Unlike Vinikas, Stacy Pratt McDermott takes a far more thorough approach, although this is in some respects the natural result of the fact that she writes an expository article rather than a book review. Similar to Vinikas, the article begins with a description of an actual lynching that took place, although McDermott's description is far more comprehensive than that of Vinikas. McDermott's article concerns a lynching case in Cairo, Illinois in 1908, in which William "Froggie" James was arrested and lynched for the raping of a white girl even while he may have been innocent. Subsequently, McDermott's article touches on a number of different areas related to lynching, including the cultural climate of Illinois around the turn of the century, the burgeoning newspaper press and the role it played in the changing public perception of lynchings, and the ways in which the vestiges of the Civil War can be seen even in geographic locales that are purportedly northern, and therefore "anti-lynching."

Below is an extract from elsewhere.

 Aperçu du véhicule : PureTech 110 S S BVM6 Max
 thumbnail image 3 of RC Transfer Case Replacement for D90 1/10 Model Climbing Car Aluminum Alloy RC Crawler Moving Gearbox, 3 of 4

McDermott argues that even though the lynching of William James occurred nearly 50 years following the conclusion of the Civil War, the cultural atmosphere of the United States was decidedly prejudiced against African-Americans, and that this very same discrimination prevented the African-American press from more swiftly elevating the issue of rape in the public consciousness. She writes, "For Cairo, Illinois, may have been a town geographically northern, yet on one night it was a town mentally and spiritually as southern as Mississippi or Alabama" (McDermott, 1999, p.61). Stating that Cairo, Illinois became southern "on one night" is misleading since the rest of the article delineates specific ways in which Illinois was very much a racist locale even after the advent of the 20th century. Specifically, McDermott mentions that Cairo was a rough river town, with vast amounts of illicit activity and that there had been racial complications since the Civil War and the Underground Railroad that served to transport slaves from the southern states to the northern ones. McDermott buries her most salient point -- made on page 67 -- that "ironically, few in thi age of progressivism undertood the underlying racial causes of lynching nor came to grips with the impact of American society's racist foundations and the institutional injustices inflicted upon an entire race" (McDermott, 1999, p.67). Thus, despite the fact that northern states such as Illinois played lip service to racial equality, there existed cultural forces that relegated African-Americans to subservient status.